In an embodiment of the present application, a thickness of a graphene oxide layer is 10 nm to 1000 nm. Water and oxygen adsorption ability, flexibility and amphiphilicity of the graphene oxide layer may be fully exerted by setting the thickness of the graphene oxide layer to be 10 nm to 1000 nm. Thereby, the packaging effect and the mechanical property of bending resistance of the package structure are improved. Moreover, occurrence of stratification or fault phenomenon in the package structure can be effectively avoided by the amphiphilicity of graphene oxide.

In an embodiment of the present application, a thickness of a graphene layer is 10 nm to 1000 nm. Water and oxygen barrier ability and flexibility of the graphene layer may be fully exerted by setting the thickness of the graphene layer to be 10 nm to 1000 nm. Thereby, the packaging effect and the mechanical property of bending resistance of the package structure are improved.

The above embodiments are only the preferred embodiments of the present application, and are not intended to limit the scope of the present application. Any modifications, equivalent replacements, improvements, etc. made within the spirit and principles of the present application may be included within the scope of the present application.

Claims

1. A package structure for a display screen, comprising a graphene layer and a graphene oxide layer which are disposed in a stack; and a second graphene layer adjacent to and stacked with the graphene oxide layer, and disposed on a side of the graphene oxide layer opposite to a side of the graphene oxide layer on which the graphene layer is located; wherein the package structure is disposed on a display layer of the display screen, a thickness of the graphene oxide layer is 10 nm to 1000 nm, and a thickness of the graphene layer is 10 nm to 100 nm, wherein adjacent surfaces between the graphene oxide layer and the graphene layer or adjacent surfaces between the graphene oxide layer and the second graphene layer comprise mutually adapted concave-convex structures.

2. The package structure of claim 1, further comprising a second graphene oxide layer adjacent to and stacked with the graphene layer, and disposed on a side of the graphene layer opposite to a side of the graphene layer on which the graphene oxide layer is located.

3. The package structure of claim 2, wherein adjacent surfaces between the graphene layer and the graphene oxide layer or adjacent surfaces between the graphene layer and the second graphene oxide layer comprise mutually adapted concave-convex structures.

4. The package structure of claim 1, further comprising a stacked periodic structure adjacent to the graphene layer or the graphene oxide layer, wherein a stacked period of the stacked periodic structure refers to a graphene layer and a graphene oxide layer which are disposed in a stack.
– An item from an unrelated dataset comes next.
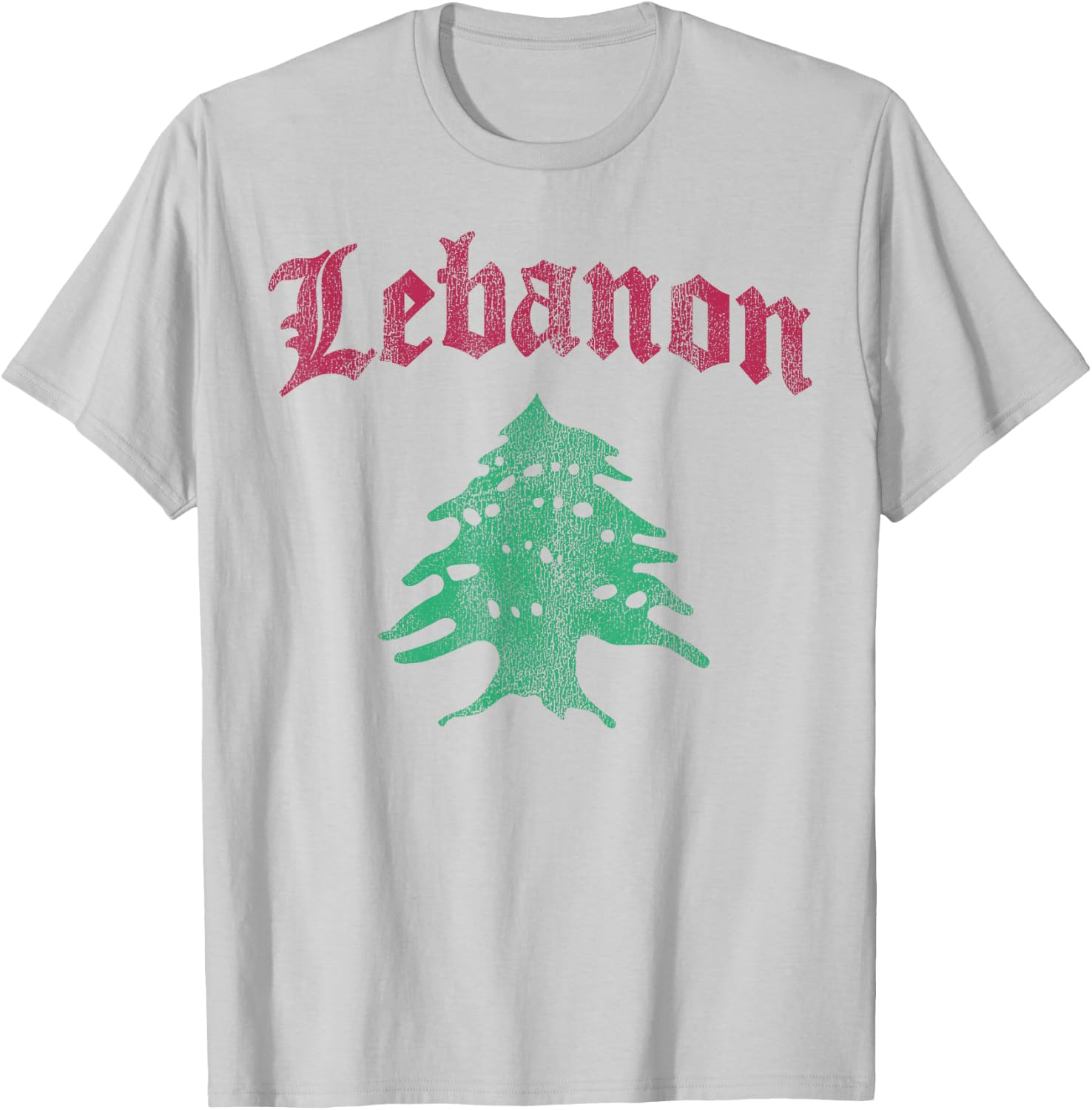 Vintage Lebanese Flag of Lebanon Souvenir Men Kids and Women T-Shirt - T-Shirt | Ash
5. The package structure of claim 1, wherein the graphene layer is manufactured by a Chemical Vapor Deposition method or an Atomic Layer Deposition method; and/or the graphene oxide layer is manufactured by an Inkjet Printing method.

6. A display device, comprising: a display layer, a display driving layer and a substrate layer which are disposed in a stack; andthe package structure of claim 1 which is adjacent to and stacked with the display layer.

7. A display screen assembly, comprises: a display screen having a display layer; and a package structure for the display screen, the package structure comprising a graphene layer and a graphene oxide layer which are disposed in a stack; and a second graphene layer adjacent to and stacked with the graphene oxide layer, and disposed on a side of the graphene oxide layer opposite to a side of the graphene oxide layer on which the graphene layer is located, a thickness of the graphene oxide layer is 10 nm to 1000 nm, a thickness of the graphene layer is 10 nm to 100 nm; wherein the package structure is disposed on the display layer of the display screen, wherein adjacent surfaces between the graphene oxide layer and the graphene layer or adjacent surfaces between the graphene oxide layer and the second graphene layer comprise mutually adapted concave-convex structures.